Exercise description – Give the lines again exactly as they appear below, from the line with "You can see the" to the line with "When Anthony got", both included, and only those lines. Leave every picture out.

Material shown –
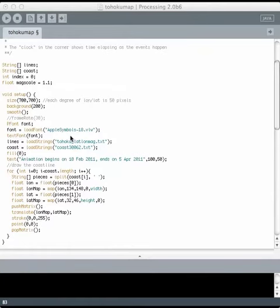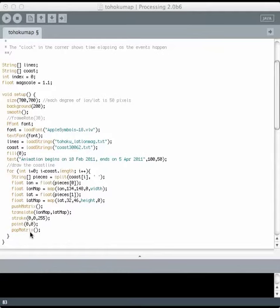So inside the setup block, I load the font, I read in two different files. One of them has the earthquake data and the other one has the coastline data. And then here's a line of text that I'm going to just write once, it never changes. And then I actually plot the coastline inside setup too because that's never going to change during the animation.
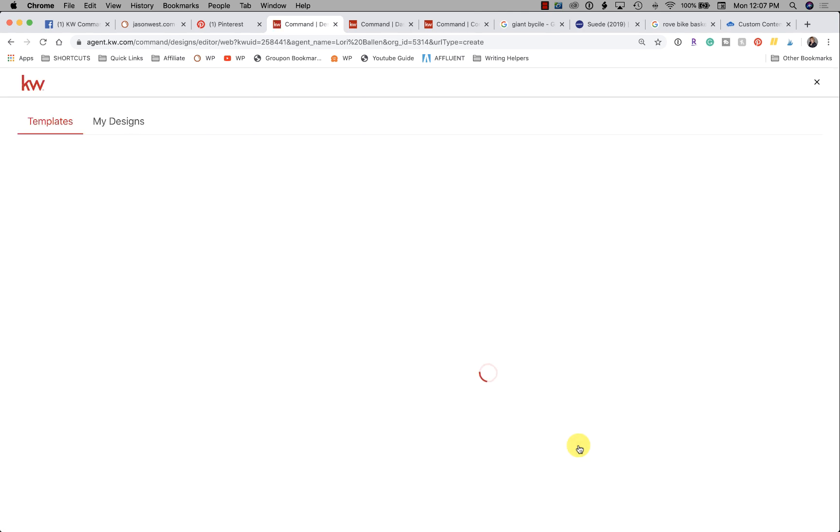Once we're inside here, we have the ability to browse the library and look at all of the designs. There are literally thousands of designs inside KW Command right now—I think they said over 2,000.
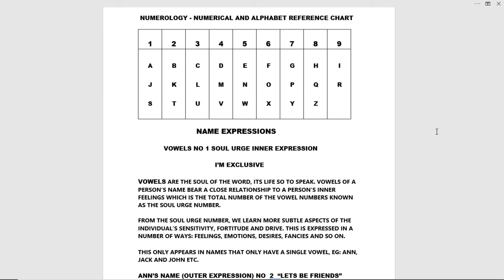Name expressions, vowels number one, soul urge inner expression. I am exclusive. Vowels are the soul of the word, it's life so to speak. Vowels of a person's name bear close relationship to a person's inner feelings, which is the total number of the vowel numbers known as the soul urge number.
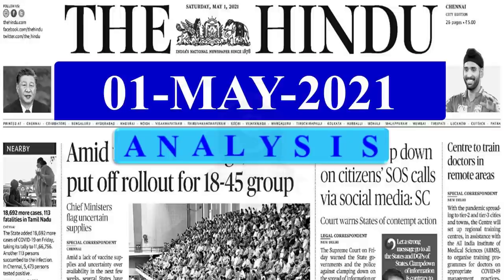A very good evening, everyone. Welcome to the Hindu News Analysis brought to you by Shankar IAS Academy for the date 1st of May 2021.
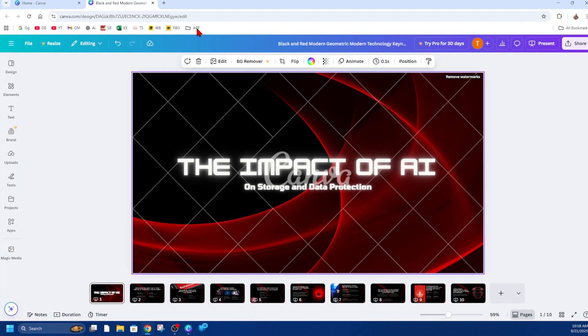Now if you're on the web version, I'm on canva.com, same thing. I've got my presentation here. Click on your first slide or whatever slide to remove timing.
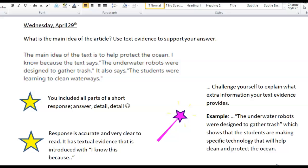Before we start on our lesson, I want to show off one of our scholars' work. The question that they answered was: what is the main idea of the article?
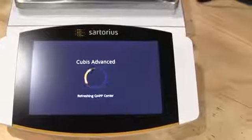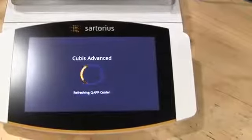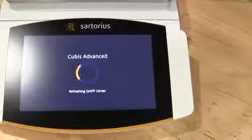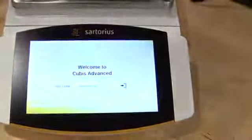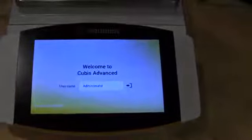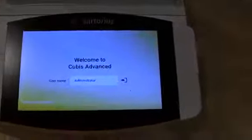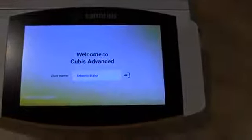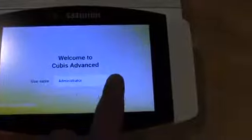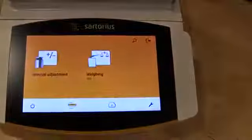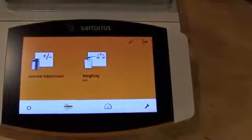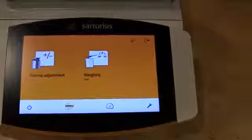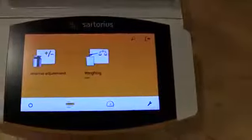You can see the balance is loading its profiles, it's refreshing its Q Apps. This particular model has all of the Q Apps loaded. You'll see here users, administrator, and then when the balance loads we can do an internal calibration.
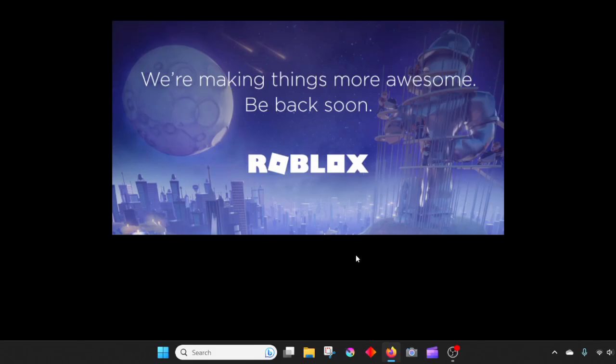Hey guys, it's Dark Knight here, and as you can see, I'm not inside of a Roblox game, and that's because Roblox is down right now.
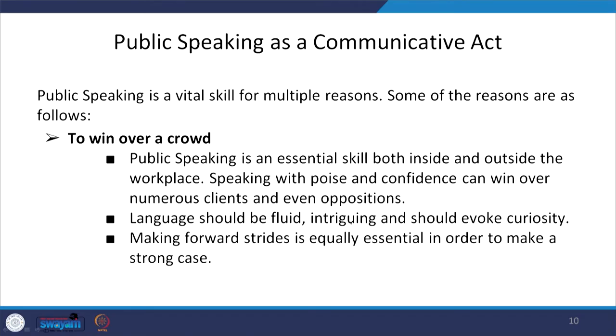When Anthony got permission and spoke, the mentality of the mob was changed. If you look at the entire speech, you will know how Anthony crafted it so that the entire crowd at the end started saying Caesar was not a traitor — Caesar was actually a patriot. To win over a crowd, public speaking skill is required both inside and outside the workplace. The language has to be fluid and intriguing. Anthony always said 'with the permission of the conspirators, I am going to speak.' Caesar was his friend, Caesar was ambitious — but Brutus is an honorable man. With his words he changed the mind, mood, and mentality of the people.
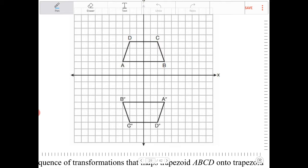I can see that A, B, C, D in the original is drawn in a counterclockwise orientation, and then A, B, C, D with the double prime — the image — is drawn also in a counterclockwise orientation.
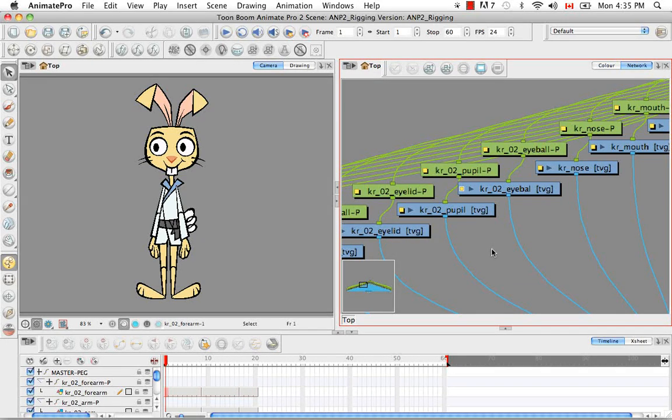That's it for the tutorial Setting Up Your Modules and Pegs. Stay tuned for the next tutorial, Creating a Mixed Rig.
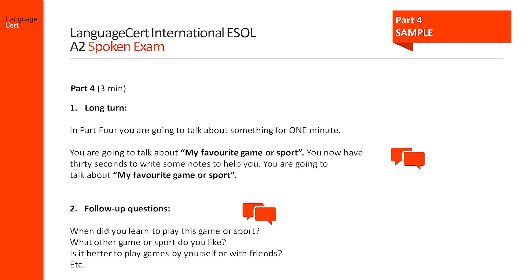The duration of the long turn needs to be one minute. After the candidate's response, up to four related follow-up questions will conclude this part and the spoken exam itself. If the chosen topic was about the candidate's favourite game or sport, the follow-up questions might be: When did you learn to play this game or sport? What other game or sport do you like? Or, Is it better to play games by yourself or with friends? The overall duration of this fourth part is three minutes.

Result of this exercise –
You can see the balance is loading its profiles, it's refreshing its Q Apps. This particular model has all of the Q Apps loaded. You'll see here users, administrator, and then when the balance loads we can do an internal calibration.
Hey guys, it's Dark Knight here, and as you can see, I'm not inside of a Roblox game, and that's because Roblox is down right now.
When Anthony got permission and spoke, the mentality of the mob was changed. If you look at the entire speech, you will know how Anthony crafted it so that the entire crowd at the end started saying Caesar was not a traitor — Caesar was actually a patriot. To win over a crowd, public speaking skill is required both inside and outside the workplace. The language has to be fluid and intriguing. Anthony always said 'with the permission of the conspirators, I am going to speak.' Caesar was his friend, Caesar was ambitious — but Brutus is an honorable man. With his words he changed the mind, mood, and mentality of the people.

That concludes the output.